Despite the paltry dollars they have accumulated, parents intend to make up the gap somehow. Some 60% have continued to put away money in their college savings plans. Yet 60% also believe that scholarship money will pay a substantial portion of their kids’ bills. (For a real-world take on scholarships, click here.) In a display of cognitive dissonance, eight out of 10 parents also say that it is likely they or their kids will end up borrowing—though half want to limit that debt to less than $10,000. (The average amount for graduates of four-year colleges is nearly $22,000.)

For the vast majority of families, belief in the value of a college education remains unshaken. Nine out of 10 parents agree college remains part of the American dream, and some 83% say the cost is worth it. Among the reasons: the ability to compete in the workforce (76%) and improved earnings power (64%). Some 77% of parents agreed that the election of President Barack Obama “proves that a good education makes anything possible.”

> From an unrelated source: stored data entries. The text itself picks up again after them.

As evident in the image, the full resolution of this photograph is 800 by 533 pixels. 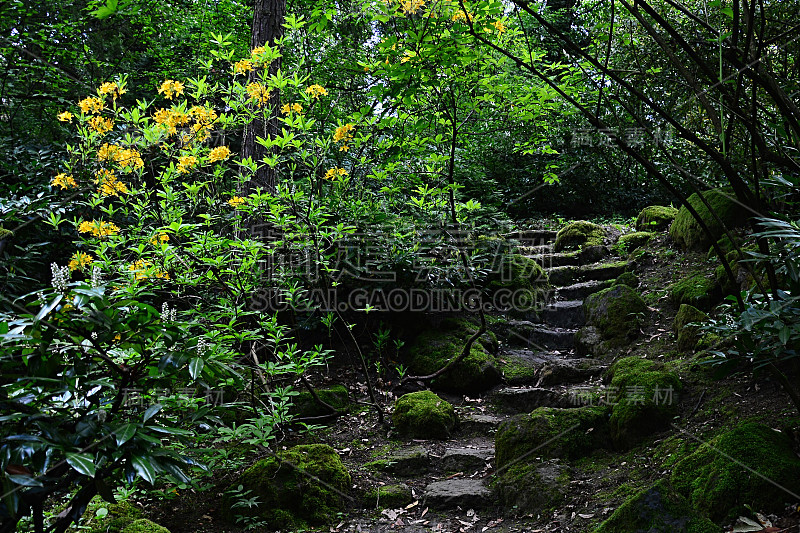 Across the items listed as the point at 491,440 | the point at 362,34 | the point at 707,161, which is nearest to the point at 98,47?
the point at 362,34

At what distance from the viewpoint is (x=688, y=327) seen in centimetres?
419

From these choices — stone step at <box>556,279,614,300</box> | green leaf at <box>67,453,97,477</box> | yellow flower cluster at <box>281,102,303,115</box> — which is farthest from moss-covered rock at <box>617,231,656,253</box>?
green leaf at <box>67,453,97,477</box>

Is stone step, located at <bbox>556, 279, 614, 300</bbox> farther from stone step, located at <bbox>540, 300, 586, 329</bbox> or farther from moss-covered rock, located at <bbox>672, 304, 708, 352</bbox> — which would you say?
moss-covered rock, located at <bbox>672, 304, 708, 352</bbox>

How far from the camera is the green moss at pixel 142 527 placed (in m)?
2.64

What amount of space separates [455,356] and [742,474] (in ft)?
9.63

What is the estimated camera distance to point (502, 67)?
4.29 meters

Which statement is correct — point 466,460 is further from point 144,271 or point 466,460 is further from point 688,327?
point 144,271

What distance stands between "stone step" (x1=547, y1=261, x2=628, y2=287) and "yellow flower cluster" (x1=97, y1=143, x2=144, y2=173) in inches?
224

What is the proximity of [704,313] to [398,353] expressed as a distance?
292 cm

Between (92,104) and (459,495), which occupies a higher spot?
(92,104)

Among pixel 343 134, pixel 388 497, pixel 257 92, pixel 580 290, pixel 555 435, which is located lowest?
pixel 388 497

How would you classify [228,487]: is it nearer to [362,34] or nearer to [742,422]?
[742,422]

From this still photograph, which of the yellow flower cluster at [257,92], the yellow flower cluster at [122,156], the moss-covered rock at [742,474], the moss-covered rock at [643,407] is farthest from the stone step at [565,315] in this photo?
the yellow flower cluster at [122,156]

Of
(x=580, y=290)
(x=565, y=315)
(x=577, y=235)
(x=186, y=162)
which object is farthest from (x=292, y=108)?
(x=577, y=235)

All of which may be true. Still, you have to wonder: if tuition costs keep escalating and financial aid fails to keep up, in another 10 years will any middle-class family be able to save what they need to cover the costs of an Ivy-covered diploma, or even your flagship public university? Nearly one out of four parents surveyed believe that space travel will be more affordable than college by the time their youngest child graduates high school. Maybe they’re not so delusional after all.